Growth of data centres may threaten South Africa's electricity and water

The rapid expansion of data centres driven by artificial intelligence poses risks to South Africa's already strained electricity and water supplies. Global forecasts predict a sharp rise in energy demands, with local facilities already consuming significant power. Experts urge greater transparency and resource management to mitigate potential shortages.

Artificial intelligence is fueling a global boom in data centres, which house servers processing vast amounts of digital data for banks, websites, and social media. Worldwide, about 12,000 such facilities currently use 1.5% of global electricity, but the International Energy Agency (IEA) projects this could exceed 4.4% within the next decade.

This growth hits hard in places like Ireland, where data centres consume 21% of metered electricity—a fivefold increase in eight years.

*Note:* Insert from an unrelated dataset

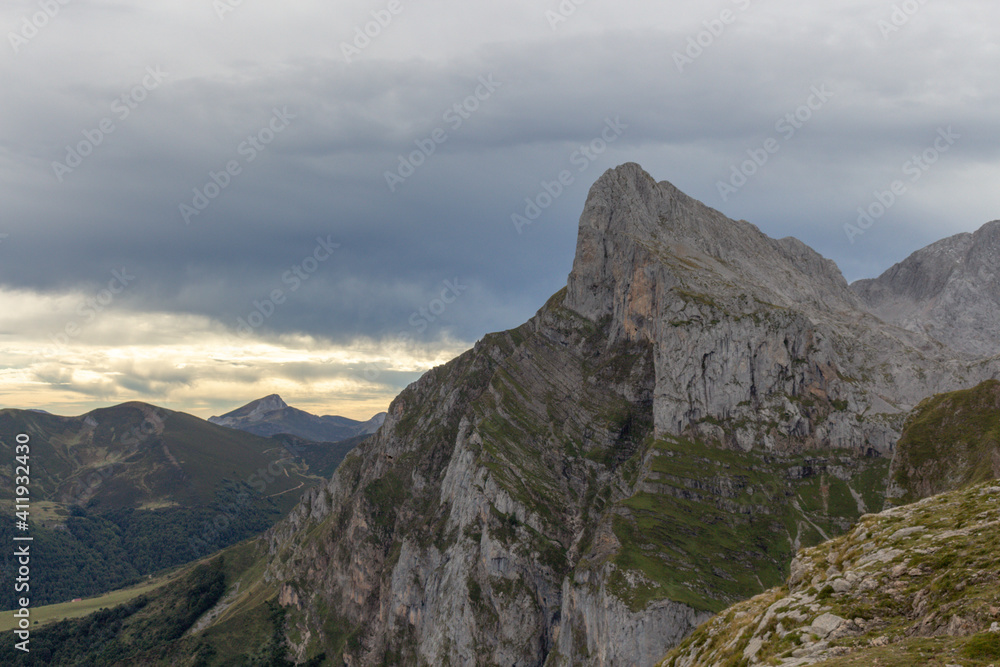 The Majestic mountains of the Eastern Massif of the Picos de Europa. Eagle flying over Pena Remona. The Eastern Massif, or Andará, between the Duje and Hermida gorges.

In the US, Virginia leads with 25%, and six states surpass 10%. Singapore uses over 7% of its national supply for these centres. AI-specific facilities are scaling up dramatically; conventional ones draw 10-25 megawatts (MW), but AI versions can exceed 100MW. The Citadel in Nevada is designed for 650MW, matching over 40% of Durban's demand, while xAI's Colossus in Tennessee aims for 2,000MW.

The IEA notes that large data centres equate to the power needs of 100,000 households, with the biggest under construction potentially serving two million. In December 2025, Exelon Corporation CEO Calvin Butler warned of impending crises: “It’s like you’re driving your car, the ‘check engine’ light is on... you have to fix it now.” India's capacity has doubled in four years, equaling 6.5 million households' consumption.

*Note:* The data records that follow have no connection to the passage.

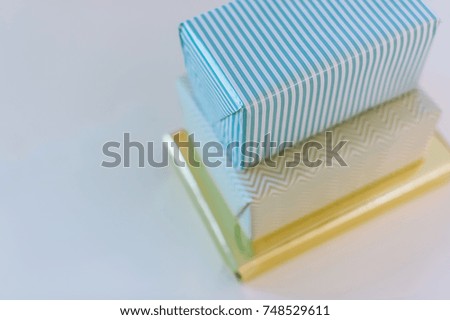 Horizontal picture of three stacked present boxes with modern minimalist packaging.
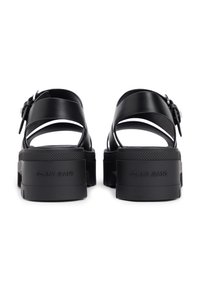 Μαύρα πλατφόρμα σανδάλια με λείο δερμάτινο επάνω μέρος, ανοιχτή πίσω σχεδίαση, ρυθμιζόμενο λουράκι στο αστράγαλο και υφή στη λαστιχένια σόλα. Παρουσιάζει λεπτομέρεια με λογότυπο.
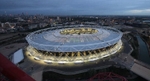 Aerial view of former Olympic Stadium by night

In South Africa, recovering from load shedding and water shortages, the picture is murkier. Eskom and municipalities declined to share data centre consumption figures, citing the Protection of Personal Information Act. However, five Teraco centres in Johannesburg alone exceed 130MW—more than small cities like Mbombela or Kimberley.

Legal Resources Centre's Aaron Tifflin highlights hidden costs: “As the country positions itself as a player in the global AI economy, we must ask: at what cost? Technological advancement must go hand-in-hand with transparency, accountability, and responsible stewardship of our natural resources.” Local growth is set to accelerate, raising fears of resource crunches.